• **Directions for this task**:
Word for word, restate the lines of the data below between those holding "Luxurious Fiberstory Cozy" and "A scenic view", inclusive; pictures do not belong in the copy.

• **Information supplied**:
________________________

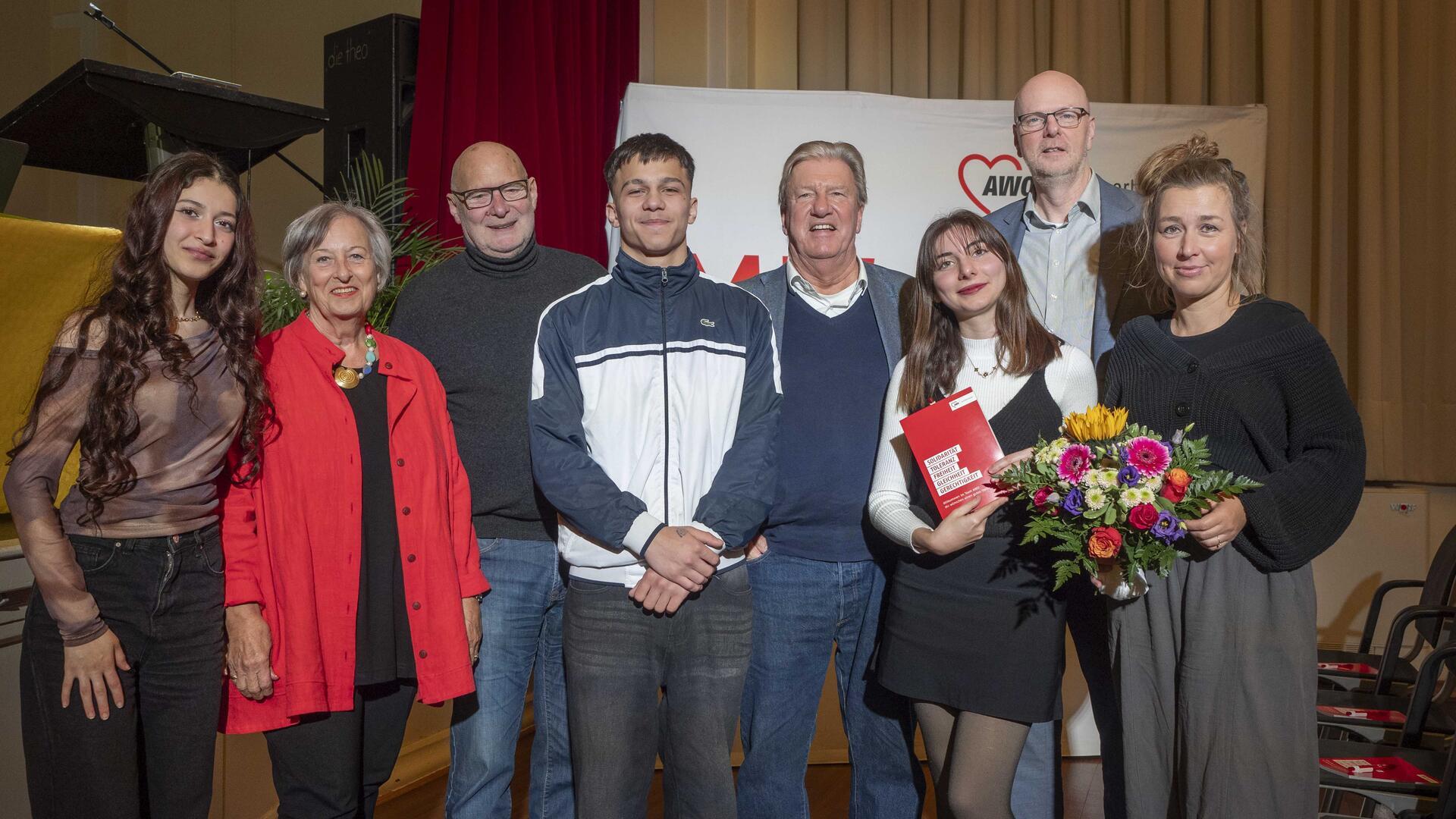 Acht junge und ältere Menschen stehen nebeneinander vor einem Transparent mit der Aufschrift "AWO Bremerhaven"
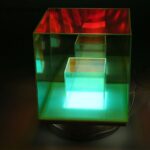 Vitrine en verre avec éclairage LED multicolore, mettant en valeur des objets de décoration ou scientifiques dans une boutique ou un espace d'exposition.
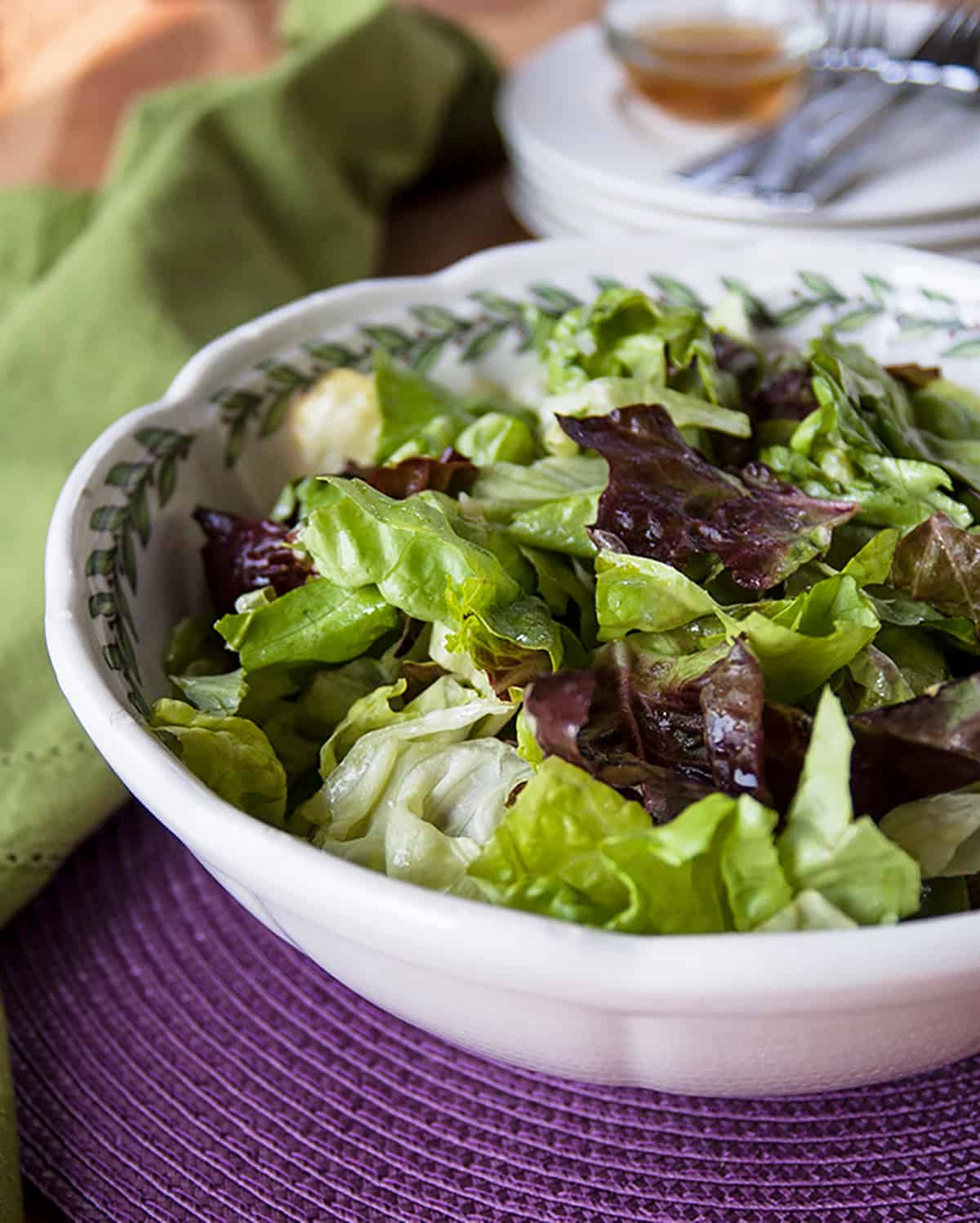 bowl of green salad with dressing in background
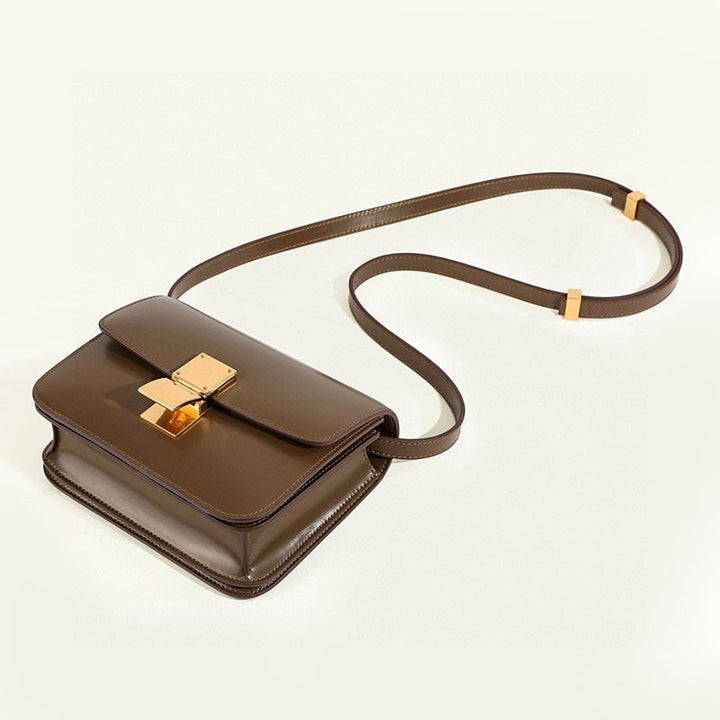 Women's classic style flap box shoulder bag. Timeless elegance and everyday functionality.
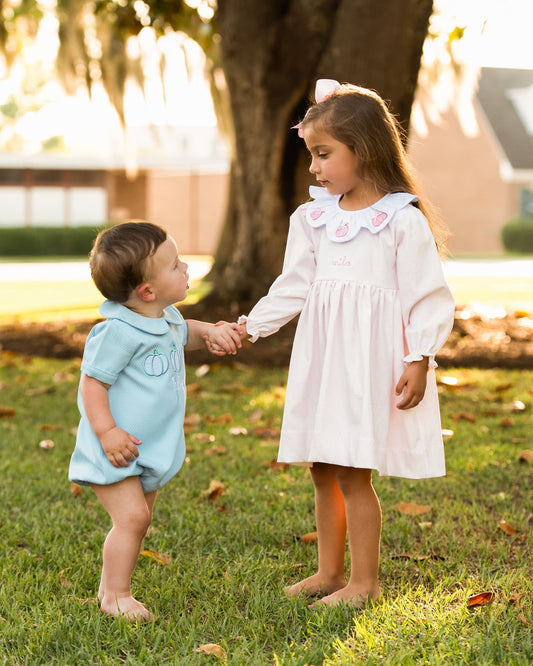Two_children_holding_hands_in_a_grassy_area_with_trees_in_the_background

________________________

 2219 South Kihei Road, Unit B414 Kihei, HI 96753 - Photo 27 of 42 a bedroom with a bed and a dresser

________________________

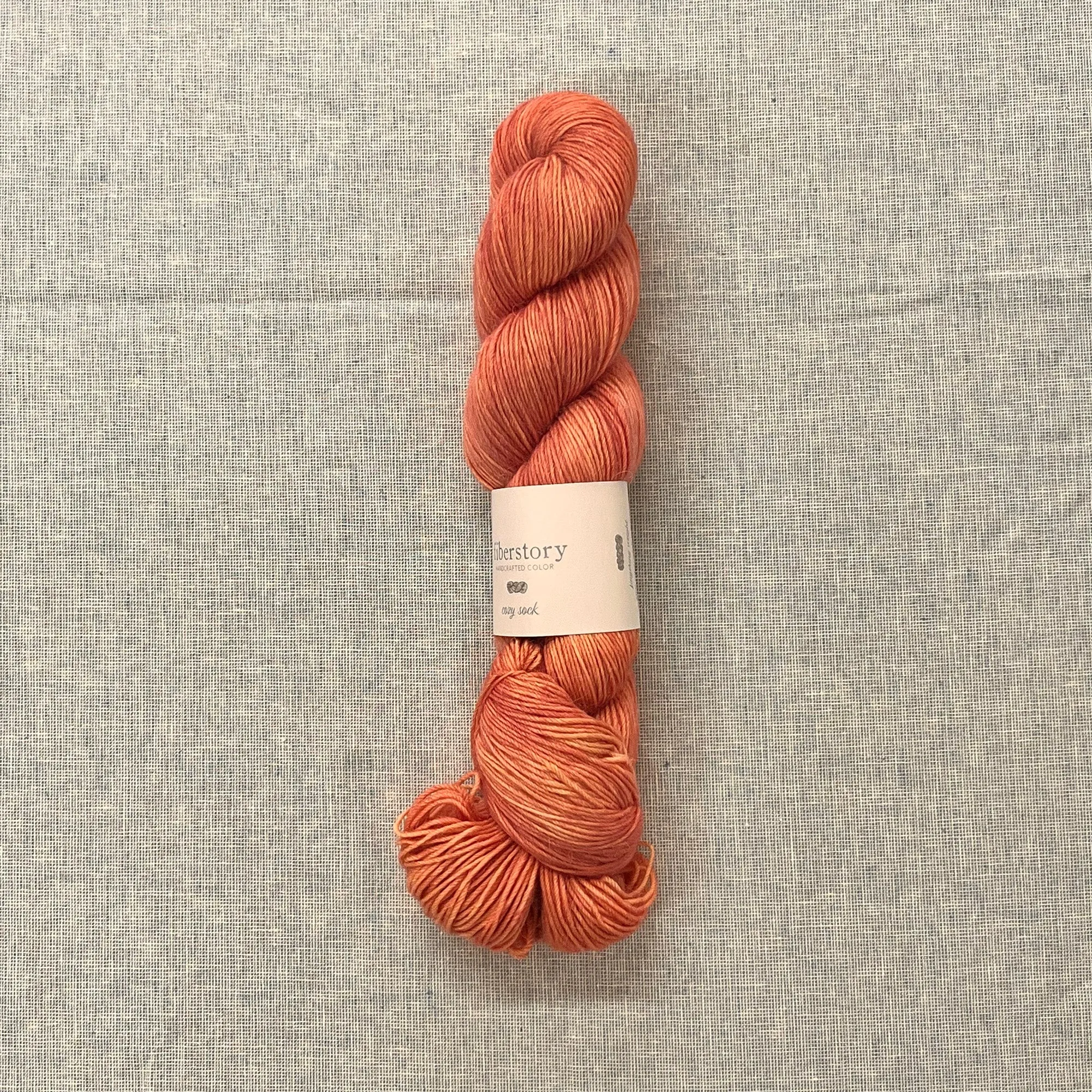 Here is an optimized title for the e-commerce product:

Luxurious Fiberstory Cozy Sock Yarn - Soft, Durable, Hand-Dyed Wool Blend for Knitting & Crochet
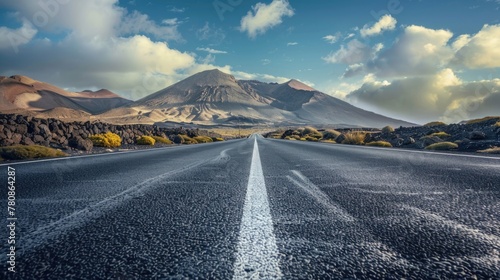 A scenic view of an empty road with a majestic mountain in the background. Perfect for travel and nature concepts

________________________

• **Task output**:
Luxurious Fiberstory Cozy Sock Yarn - Soft, Durable, Hand-Dyed Wool Blend for Knitting & Crochet
 A scenic view of an empty road with a majestic mountain in the background. Perfect for travel and nature concepts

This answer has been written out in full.